The Conference Board publishes a monthly Consumer Confidence Index based on an online consumer survey conducted for it by Toluna. The index has two components: the Present Situation Index, based on assessments of current business and labor-market conditions, and the Expectations Index, based on short-term expectations for income, business, and labor-market conditions. The series is indexed so that 1985 equals 100. Such measurement is indicative of the consumption component level of the gross domestic product. The Federal Reserve looks at the CCI when determining interest rate changes.

Consumer confidence is defined by The Conference Board as the degree of optimism on the state of the United States economy that consumers are expressing through their activities of savings and spending. Global consumer confidence is not measured. Country-by-country analysis indicates huge variance around the globe. In an interconnected global economy, tracking international consumer confidence is a lead indicator of economic trends.

The consumer confidence index started in 1967 and is benchmarked to 1985 = 100. The index is calculated each month on the basis of a household survey of consumers' opinions on current conditions and future expectations of the economy. Opinions on current conditions make up 40% of the index, with expectations of future conditions comprising the remaining 60%. In the glossary on its website, The Conference Board defines the Consumer Confidence Survey as "a monthly report detailing consumer attitudes and buying intentions, with data available by age, income and region".

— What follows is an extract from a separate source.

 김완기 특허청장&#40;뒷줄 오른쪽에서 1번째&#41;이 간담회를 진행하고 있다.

The survey consists of five questions that ask the respondents' opinions about the following:

1. Current business conditions
2. Business conditions for the next six months
3. Current employment conditions
4. Employment conditions for the next six months
5. Total family income for the next six months

Survey participants are asked to answer each question as "positive", "negative" or "neutral." The preliminary results from the consumer confidence survey are released on the last Tuesday of each month at 10am EST.

Once the data have been gathered, a proportion known as the "relative value" is calculated for each question separately. Each question's positive responses are divided by the sum of its positive and negative responses. The relative value for each question is then compared against each relative value from 1985. This comparison of the relative values results in an "index value" for each question.

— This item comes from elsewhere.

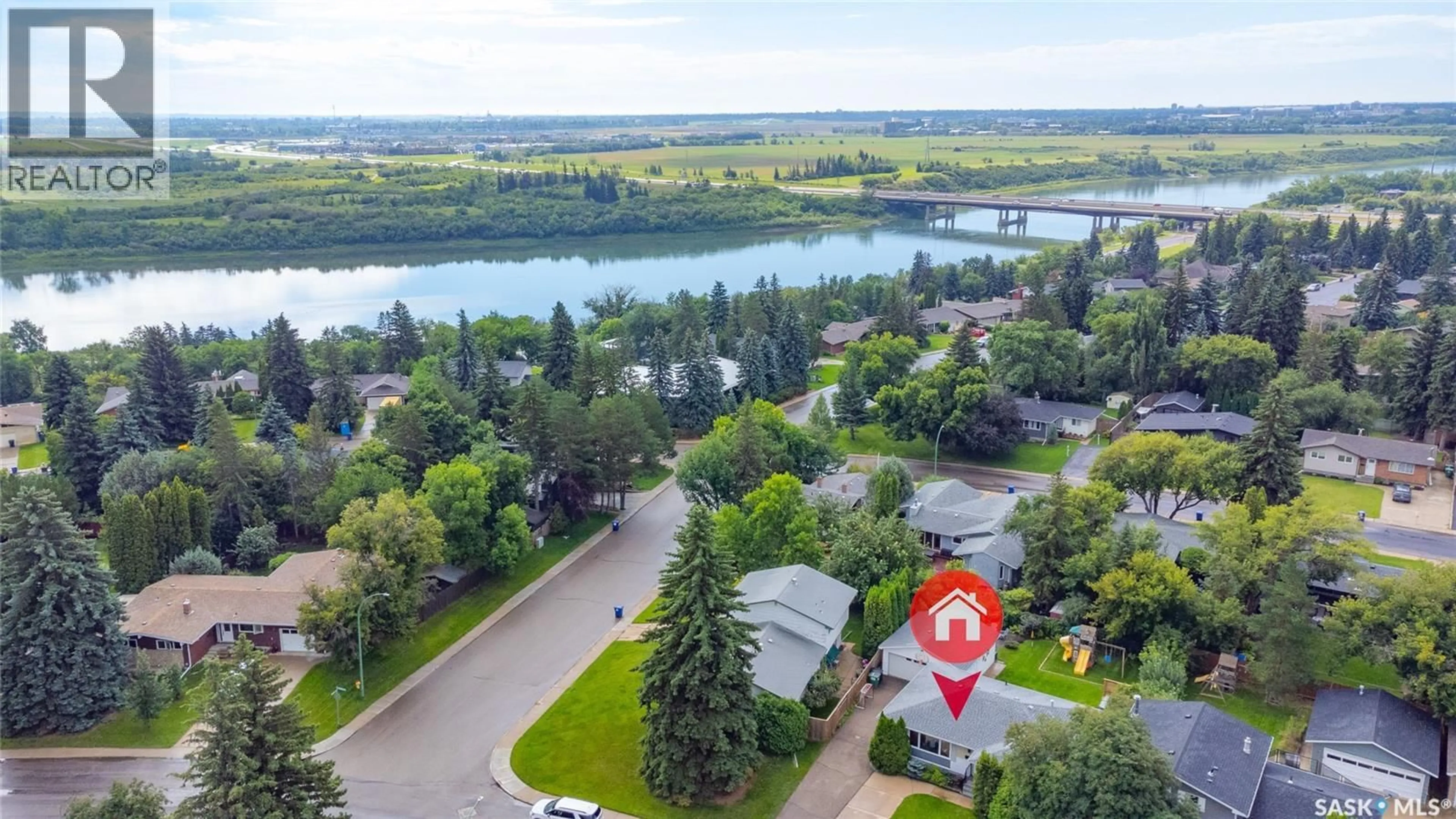 A pic from outside/outdoor area/front of a property/back of a property/a pic from drone, water/lake/river/ocean view for 77 RED RIVER ROAD, Saskatoon Saskatchewan S7K1G2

The index values for all five questions are then averaged together to form the consumer confidence index; the average of index values for questions one and three form the present situation index, and the average of index values for questions two, four and five form the expectations index. The data are calculated for the United States as a whole and for each of the country's nine census regions.

=== Other indexes ===
In addition to the Conference Board's CCI, other survey-based indices attempt to track consumer confidence in the United States:
- The University of Michigan Consumer Sentiment Index (MCSI) is a consumer confidence index published monthly by the University of Michigan. It uses an ongoing, nationally representative survey based on telephonic household interviews to gather information on consumer expectations regarding the overall economy.

Given the potential for sampling biases of individual survey reports, researchers and investors try sometimes to average the values of different index reports into a single aggregated measure of consumer confidence.